# Loop Parallelism - 2022.1 English

## Vitis High-Level Synthesis User Guide (UG1399)

Document ID
UG1399
Release Date
2022-06-07
Version
2022.1 English

Vitis HLS schedules logic and functions early as possible to reduce latency while keeping the estimated clock period below the user-specified period. To perform this, it schedules as many logic operations and functions as possible in parallel. It does not schedule loops to execute in parallel.
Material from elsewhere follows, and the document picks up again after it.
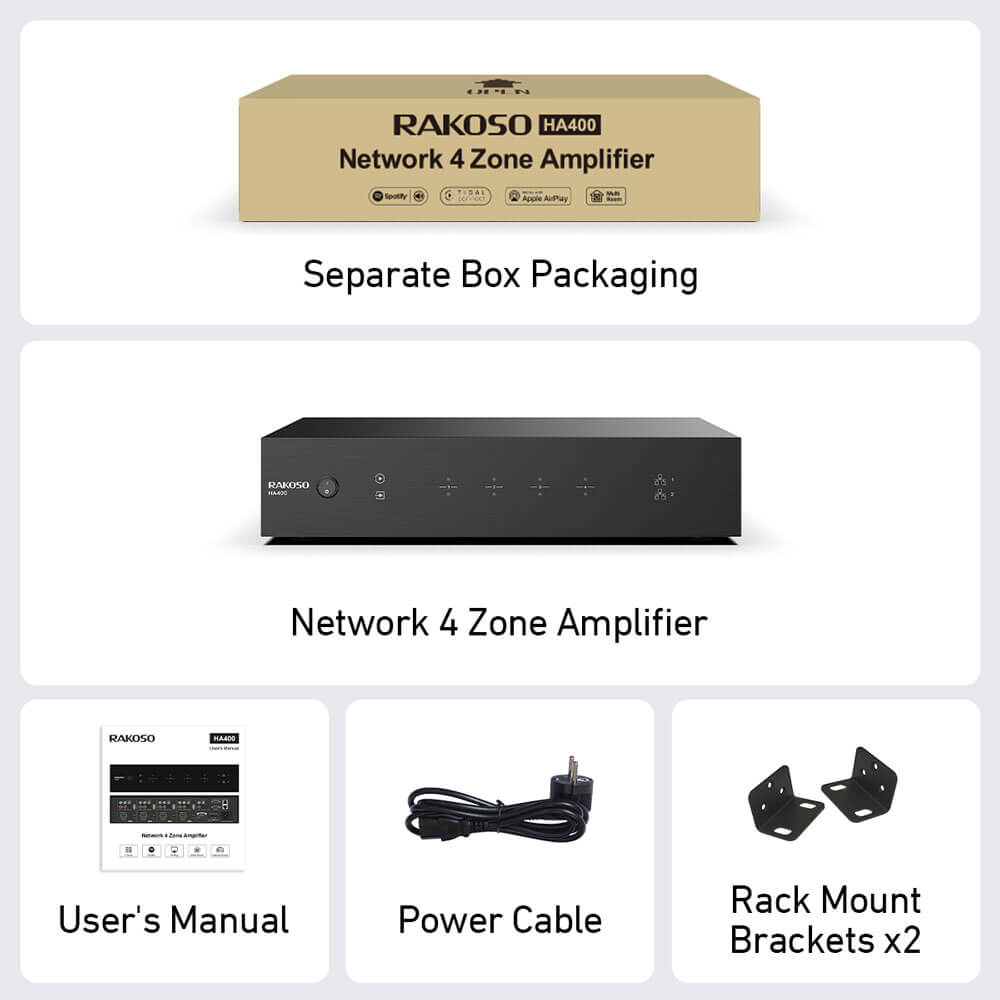 8 channel amplifier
If the following code example is synthesized, loop `SUM_X` is scheduled and then loop `SUM_Y` is scheduled: even though loop `SUM_Y` does not need to wait for loop `SUM_X` to complete before it can begin its operation, it is scheduled after `SUM_X`.

``````
#include "loop_sequential.h"

void loop_sequential(din_t A[N], din_t B[N], dout_t X[N], dout_t Y[N],
dsel_t xlimit, dsel_t ylimit) {

dout_t X_accum=0;
dout_t Y_accum=0;
int i,j;

SUM_X:for (i=0;i<xlimit; i++) {
X_accum += A[i];
X[i] = X_accum;
}

SUM_Y:for (i=0;i<ylimit; i++) {
Y_accum += B[i];
Y[i] = Y_accum;
}
}
``````

Because the loops have different bounds (`xlimit` and `ylimit`), they cannot be merged. By placing the loops in separate functions, as shown in the following code example, the identical functionality can be achieved and both loops (inside the functions) can be scheduled in parallel.

``````
#include "loop_functions.h"

void sub_func(din_t I[N], dout_t O[N], dsel_t limit) {
int i;
dout_t accum=0;

SUM:for (i=0;i<limit; i++) {
accum += I[i];
O[i] = accum;
}

}

void loop_functions(din_t A[N], din_t B[N], dout_t X[N], dout_t Y[N],
dsel_t xlimit, dsel_t ylimit) {

sub_func(A,X,xlimit);
sub_func(B,Y,ylimit);
}
``````

If the previous example is synthesized, the latency is half the latency of the sequential loops example because the loops (as functions) can now execute in parallel.

The `dataflow` optimization could also be used in the sequential loops example. The principle of capturing loops in functions to exploit parallelism is presented here for cases in which `dataflow` optimization cannot be used. For example, in a larger example, `dataflow` optimization is applied to all loops and functions at the top-level and memories placed between every top-level loop and function.